Era agradable salir del elevador y que las luces del pasillo siguieran encendidas, tal como estaban cuando se había ido y del mismo modo en que permanecerían, incluso si la madrugada llegaba y él recién decidiera (la mayor parte del tiempo contra esos viejos impulsos de adolescente) que era una hora poco aceptable pero necesaria para ir a dormir.
También le gustaba entrar a su apartamento y no ser capaz de ver ni escuchar absolutamente nada; le aliviaría más enterarse de la presencia de un ladrón en su casa que, por decir algo, la de su madre, sentada en el living, de brazos y piernas cruzadas, ceño fruncido, y una reserva de argumentos tan acertados y castrantes que le dejaban siquiera la posibilidad de rodar los ojos sin provocarle gritar más fuerte (a veces) o hacerla llorar por la próxima hora (otras tantas, y muchas de esas no sabía si lloraba de dolor o de rabia; ah, no de hecho eran ambas).
Cada fin de semana, contadas veces durante días laborales y escolares, y la mayoría de las ocasiones especiales que su familia por cierto celebraba reunida; la luna difuminaba las noches que habían creído pertenecerles hasta convertirlas en un instante de murmullos encerrados, sombras que observaban y lágrimas que buscaban a Eco.

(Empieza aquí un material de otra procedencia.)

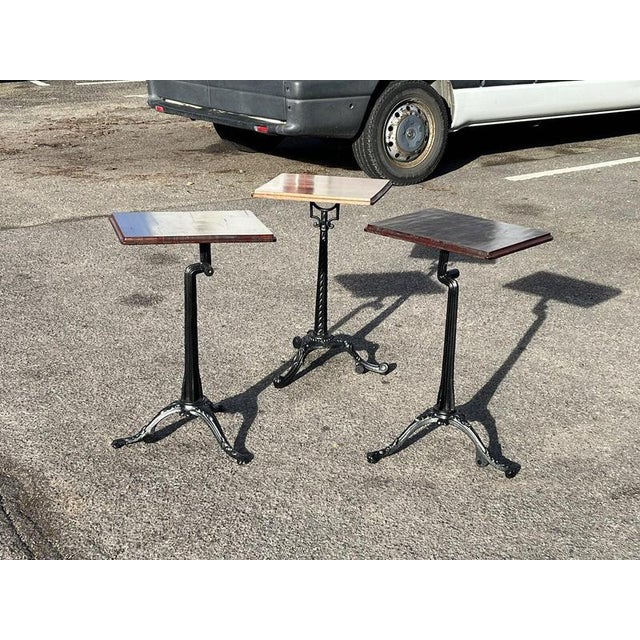 Industrial Factory Edwardian Metal Cast Iron & Wood Machinists Tables, Set of 3 For Sale - Image 12 of 18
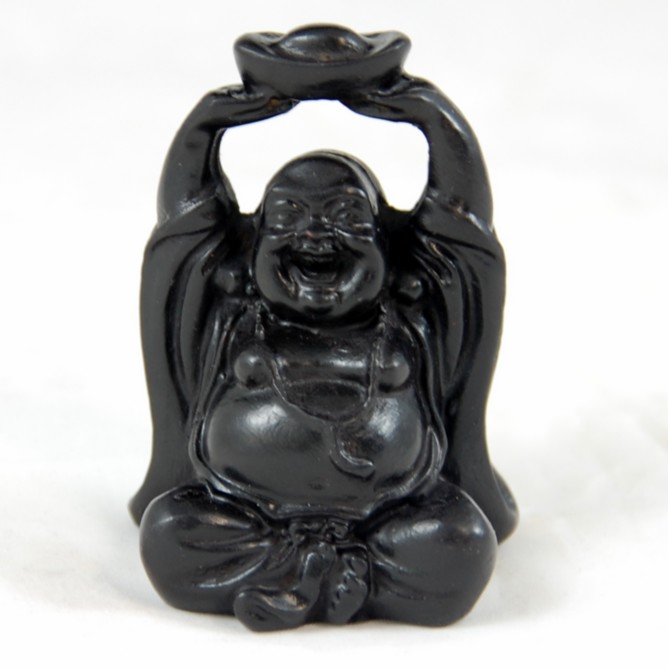Happy Boeddha Beeld met Parel Polyresin Zwart - 7 x 4 x 3 cm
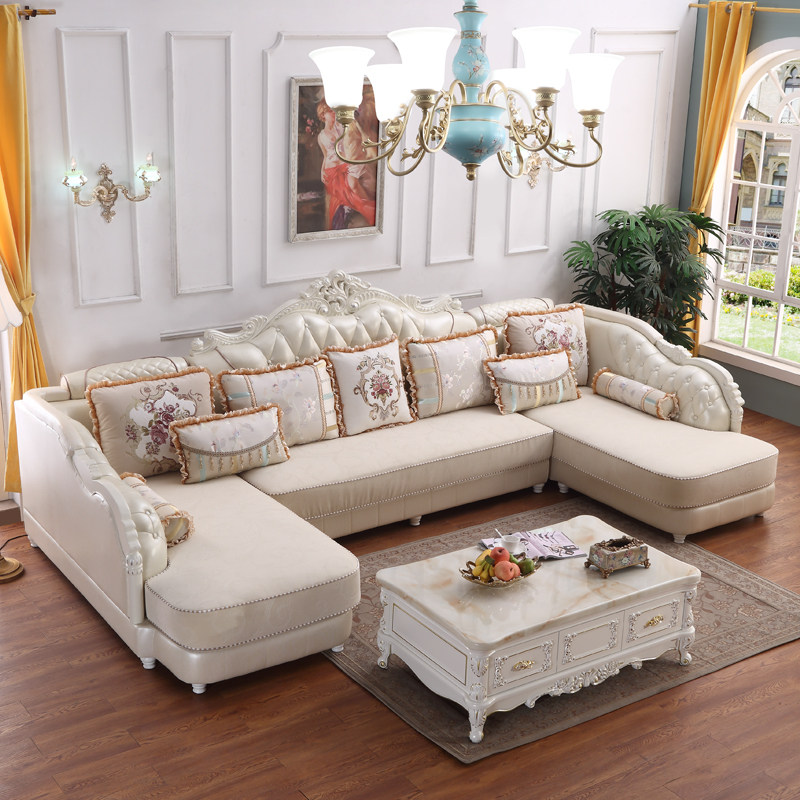 欧式沙发组合客厅简约U型4米双贵妃沙发简欧实木大户型高档别墅款
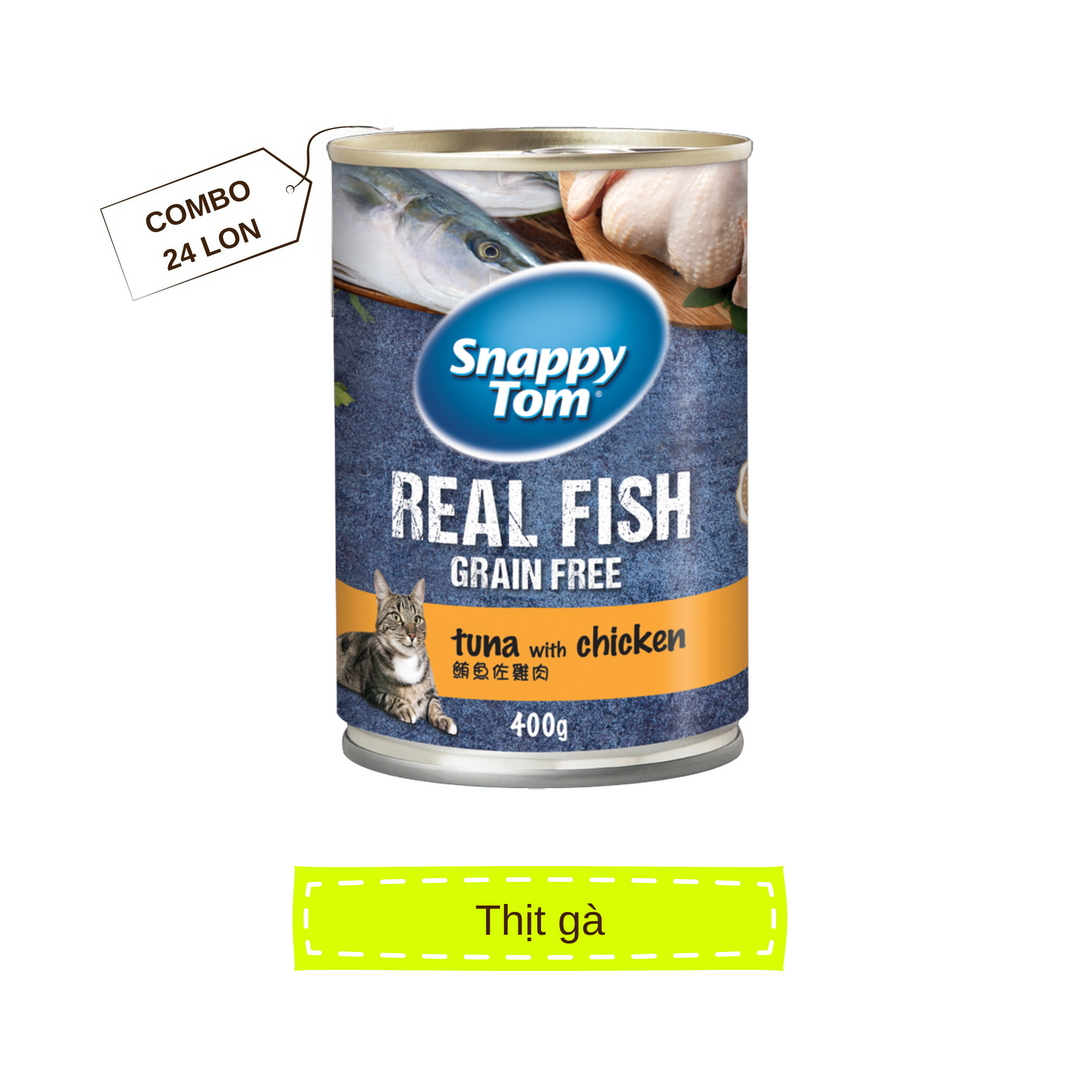 [Thùng 24 Lon] Pate Snappy Tom Real Fish Mèo Lon 400G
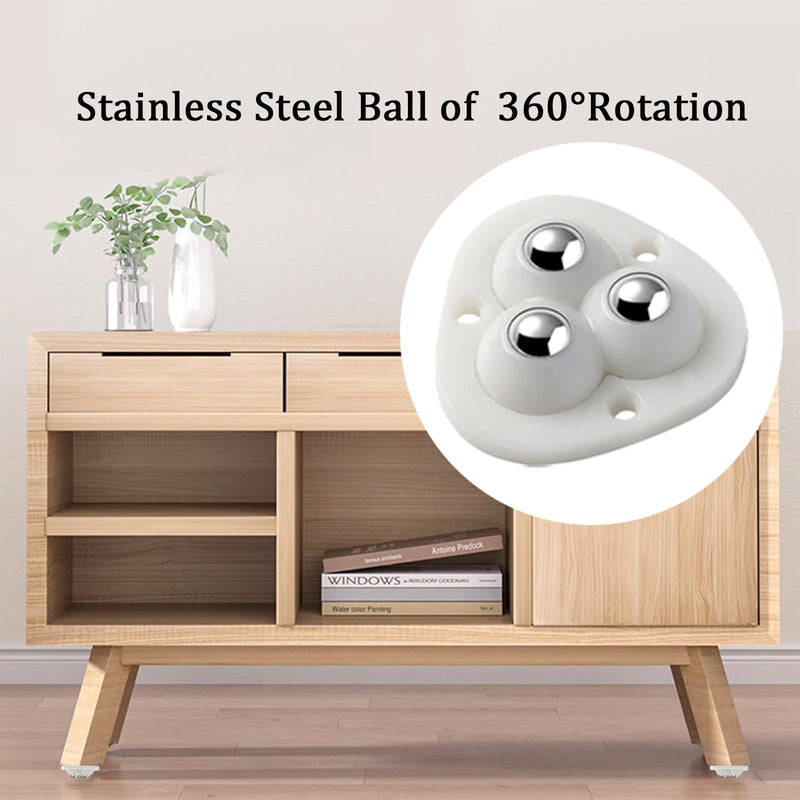 Self Adhesive Caster Wheels for Small Appliances, 360°Rotation Mini Caster Wheels for Furniture Storage Bins (4 PCS, White) Drcoevo 4 White 3 Ball Bearings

Ella se quejaba, lo recriminaba y enfatizaba. Él no decía nada, y cuando finalmente lo hacía, su voz rompía los murmullos, y su madre lloraba, hacía preguntas a sólo-ella-sabía-quien, y finalmente, se culpaba.
Y a Ritsu le fastidiaba tener que soportar esas fases, esas preguntas; la odiaba cada vez que se detenía a buscar al pequeño Ritsu, a su pequeño bebé, como si por fusión del cosmos y de sus propias lágrimas ese niño de ojos grandes y sonrisa inocente fuese a salir desde atrás del sillón, de entre las penumbras, como si fuera a correr hasta ella, a abrazarla, a pedirle perdón, a decirle que nunca lo volvería a hacer, que había estado confundido pero ella, finalmente, había logrado hacerle ver cuán equivocado estaba. Como si ella fuese a devolverle el abrazo, hacerle compañía antes de dormir y decirle, una vez más, cuánto lo amaba; como si pudiera decirle que lo conocía y que siempre quiso lo mejor para él.
Probablemente lo más triste de todo eso, era que su madre no soportó mucho antes de rendirse y dejar de esperar al pequeño Ritsu. Al pequeño Oda que había conocido sin darse cuenta.
Una melodía escapó de sus labios y recorrió el pasillo hasta chocar con la pared y rebotar con la alfombra, Sonrió un poco: se sentía cómodo y en casa, y solo, y a salvo, refugiado del ruido, las miradas, las luces. Buscó el esponjoso llavero escondido en su mariconera, y apartando mil y uno de los pequeños objetos de los que ahí llevaba, escuchó las puertas del elevador abrirse a un costado.
— Buenas noches. - Saludó el hombre alto y de cabellos oscuros, inclinando levemente su cabeza en señal de saludo.
Él no reaccionó al instante, sólo se quedó ahí, viendo al hombre de tez pálida, manos grandes, dedos alargados, complexión delgada, cabello lacio cuidado, y ropa bonita; aun cuando entendía que el otro había dejado de verle rápidamente. ¿Mejor para él, no?- Sí, son buenas noches.
Alcanzó a distinguir la intensidad del brillo en sus ojos, marrones tirando al dorado, por la apertura de la puerta antes de que el otro la cerrara lentamente. Cuando finalmente se cerró, Ritsu sonrió porque entendió que, aunque no tan descaradamente como él mismo había hecho, ese hombre se había detenido a observarle desde la puntas de sus cabellos hasta el inicio de la suela de sus zapatos.
Abrió la puerta de su departamento, permitiendo que la oscuridad lo devorara por completo, y el silencio tranquilizara a una vieja conocida arritmia que, sin siquiera ser consciente de ello, había terminado apoderándose de él. Se desvistió sin encender las luces, y sin llegar a su habitación, sus zapatos y la ropa abandonados en el genkan, su ropa interior en el sofá de la sala; una botella de agua junto a varios brazaletes y cadenas. Una puerta cerrada, y el sonido del agua corriendo.
Quién hubiera dicho que su vecino era tan apuesto.